The 240 kW solar array is the single largest operational sustainability initiative we have undertaken (completed in late 2015); however, I am equally proud of our Building Green Justice Forum. This is our annual environmental justice conference, which focuses on a different aspect of EJ each year and brings together a variety of keynote speakers, panelists and workshops to educate and activate our campus and the broader community. This year was our third year hosting the conference, and our theme was “Race, Health, and the Environment.” These are such critical conversations for us to have in the sustainability community, and as an HBCU.
Also this year, HT was named the winner in the small-campus category of the College Sports Sustainability Makeover Contest at the Green Sports Alliance Summit. This award represents a joint effort between HT’s sustainability and athletics departments and is an excellent example of what we can accomplish on campus by partnering and working across divisions.
I’m also proud of our relationship with the Environmental Defense Fund’s Climate Corps program. The research these students undertake has led to several of the key operational projects, such as the solar installation, occupancy sensors and (hopefully soon) a smart irrigation control system.
From your perspective, what has been key to developing, maintaining and growing your sustainability commitments?
Collaboration and support among all levels at the university is key. High-level support from the university presidential leadership has been the driving force behind our growing sustainability commitments, with Dr. Colette Pierce Burnette now, and Dr. Larry Earvin previously. Students, faculty and staff are key partners in both the continuation of ongoing initiatives and the development of new initiatives that drive our commitments. Moreover, student-identified areas of interests can help prioritize university sustainability projects.
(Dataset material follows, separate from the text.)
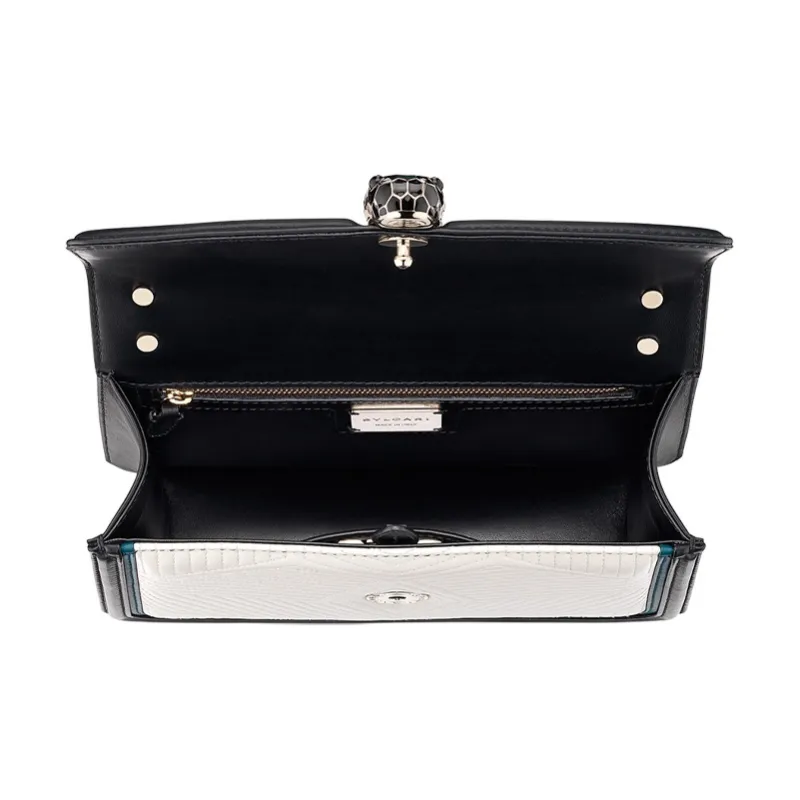 BVLGARI Serpenti Diamond Blast Lambskin Chain Bag Shoulder Bag Crossbody Bag Women's White Agate Color-2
Ultimately, I want us to work on all aspects of university operations; however, taking a practical approach requires addressing certain areas before others. For us, this means focusing on areas that interest the students, serve the entire campus community and positively impact project success. For example, Green is the New Black has been keenly aware of the challenges we face with recycling on campus, and has undertaken a peer education campaign that dovetails with the operational and other awareness work required to reform our waste and recycling efforts.
Do you have any thoughts on how other institutions can demonstrate climate leadership?
We have built our sustainability successes on the intellectual and social history of our institution as an HBCU. HT strives to infuse an environmental justice focus into academics, community engagement and the physical campus environment through varied and diverse initiatives. Our goal is to develop the resources for social innovation, cultural change and transformational thinking.
Other colleges and universities can similarly leverage their unique histories and missions to combat global climate change, whether that means serving as a technology incubator, student leadership development field, policy testing ground or social activism arena.
Are there any other initiatives in the coming year that you particularly excited about?
Two things. First, we are working to implement a Green Revolving Fund at HT. I am very excited about this initiative as we seek to implement it without adding a student fee. During this process, we’ve had to investigate creative mechanisms and develop partnerships for funding initial projects that will seed the fund. Second, we will be hosting the Earth Day festival for Austin this coming April. I am very excited that we can bring this event to our campus and open our campus to the community with the specific goal of more diverse environmental awareness at the forefront.